I signed a 1-year lease in an apartment that has very bad general insulation (bad sound insulation, bad air insulation, bad insulation from vibrations from neighbors appliances, bad light insulation, bad heat insulation...), and that includes one of the worse window designs I've ever seen. They are not air-tight, not heat-tight and not light-tight at all..
This has caused me a lot of grief for various reasons:
Since they are not airtight, during fire season (this is in California), we had to seal the windows shut with tarp because smoke was getting inside the apartment (costly, time-taking, difficult, not easy to do/undo);
For the same reason, I left one of the sides tarped up because our downstairs neighbors are heavy smokers and the smoke would come up and wake me up at night;
Neighbors going outside their houses to place calls or listen to music can be heard as clearly as if they were in the room, same with street noises, construction areas, etc;
And most importantly, sunlight wakes me up every day at 5:30 or 6AM.
What makes it extremely difficult to shutter these is:
The overhanging fixture (totally useless and extremely annoying), which reduces the options to screw curtain rods above the window, and leave out very little space between the wall and said fixture - I don't think I would mess with unscrewing them as they are fragile and would take up a lot of room;
The levers to angle the window's panes which are protruding and prevent placing a flat plank of wood or other material against it without cutting a notch for them;
The whole wall area around the window seems to be made of metal - nothing can be nailed or screwed in near the windows;
The frequent winds that blow rather hard and would often push away anything flat placed against the windows;
The absence of metal around the windows, preventing to use magnetic solutions (everything is aluminium);
The width of the window casing (about 8ft), preventing the use of one single panel to go over it;
The sunlight hits the window very powerfully and any hole of gap in the shutter casts a lot of brightness into the room;
The solution has to be easy to put on and off in the morning/evening.

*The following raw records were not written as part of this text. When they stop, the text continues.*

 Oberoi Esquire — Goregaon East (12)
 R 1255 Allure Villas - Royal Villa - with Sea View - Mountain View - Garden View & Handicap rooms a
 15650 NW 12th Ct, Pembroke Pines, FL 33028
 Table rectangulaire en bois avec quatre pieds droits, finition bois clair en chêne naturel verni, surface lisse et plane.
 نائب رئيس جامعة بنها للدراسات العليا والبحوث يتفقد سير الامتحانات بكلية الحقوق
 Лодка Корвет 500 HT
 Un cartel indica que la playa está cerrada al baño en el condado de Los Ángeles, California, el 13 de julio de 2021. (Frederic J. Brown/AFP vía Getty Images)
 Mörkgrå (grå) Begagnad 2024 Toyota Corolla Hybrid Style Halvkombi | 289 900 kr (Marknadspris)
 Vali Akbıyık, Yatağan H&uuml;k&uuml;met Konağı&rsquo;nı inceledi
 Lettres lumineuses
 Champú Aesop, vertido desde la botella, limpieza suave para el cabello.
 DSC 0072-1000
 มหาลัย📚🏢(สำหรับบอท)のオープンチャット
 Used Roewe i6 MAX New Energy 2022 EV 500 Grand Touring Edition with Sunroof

I tried to build shutters twice already. The first model was just a very large piece of folded cardboard placed into the wall frame against the windows, resting on the window sill. It was an OK solution, but I had these huge pieces of cardboard in the room, always sliding and falling down, and the seal wasn't great, especially on top, I had to tape it to the wall to prevent it from always gaping and falling down.
My current solution involves three panels, 2 are foam boards that I painted black, and which stay on thanks to magnets that I glued around the window frame and on the boards, and a middle panel made of light-sealing fabric and a wooden rod, also held in place with magnets at the top.
I am also not satisfied with this solution, since the sides of the light-blocking fabric are not pressed against the window frame and light leaks in, and there are gaps caused by the gap between the magnets and the foam boards, which on top of it are curving with the heat, thus letting in a lot of light.
I am really desperate to get good sleep in this apartment whatever the time of the day or the position of the sun is, and I am slowly becoming insane thinking about the poor (cheap?) decisions of the people who built this building, the absence of countrywide standards, and why I ended up accepting to live here so naively.